Review: The Quintessence of August: A Romance of Possession, Brian Stableford, 2011.

While Stableford’s Auguste Dupin stories are mostly independent of each other, it actually helps to have read the first one, “The Legacy of Erich Zann”, before this one to understand it fully.
Well, maybe not. I’m not sure I understood everything about it after one complete reading and another skimming.
But, then, even our unnamed narrator has to consult his journal from three years earlier to link things.
Unlike a lot of Stableford’s forays into weird fiction (at least the ones I’ve read by this prolific author), there isn’t a purely scientific element here.
The story concerns itself with music and the concept of the egregore.
That’s a concept with multiple meanings. It can be a sort of psychic vampire or a dead person who psychically feeds from the living or a consciousness built from individuals somehow psychically linked.
And this story seems to use all those permutations.
Dupin’s usual foil, Comte St. Germain, opens the book by asking for some help from the detective. An old Italian acquaintance of St. Germain tells him that he’s been hired to kill him. He desists out of gratitude for some past deeds of St. Germain. Not that it matters because the hired killer dies soon after.
Germain thinks that his life threatened because of a bequest an old man, Tommaso Angelotti, left him in Germain’s capacity as president of the Harmonic Society. Besides a sealed box, which he can’t open, St. Germain was left a cello and some music. The cello is unusual enough to have a name, the Guadagnini.
The scores are to be turned over to another composter who collaborated with Angelotti.
But when St.
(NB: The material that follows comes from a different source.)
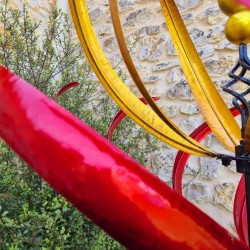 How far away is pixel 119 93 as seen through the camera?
42cm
German and the narrator go to pick up the bequest, Angelotti’s housekeeper, Maddalena, supposedly a deaf mute, issues a garbled curse – or warning – about the egrigori, the evil eye.
Shortly after that, both men end up kidnapped and held in Paris’ catacombs. Their captors want two things: Maddalena’s location since she’s disappeared and the Guadagninni.
Their rescue will come in an unexpected form, and a tangle of events ensues that includes sinister musical techniques seemingly controlling minds and time, a secret Italian society, the opera Fra Diavolo, Chopin, the legend of the sirens, spies, and parasites of the mind.
If our limited consciousness shields us from the terror of ultimate reality, what power does music have to alter that consciousness?
We should be grateful, says August, for the “humble fragment of flesh . . . is all that separates every one of us from oblivion.” And here that oblivion is not just physical
It’s a bit like a Tim Powers’ fantasy but less focused on historical characters. And, as usual, I can say no more without spoiling the delights of Stableford’s orchestration.
As usual with Brian Stableford, Sally Startup offers another look at the book.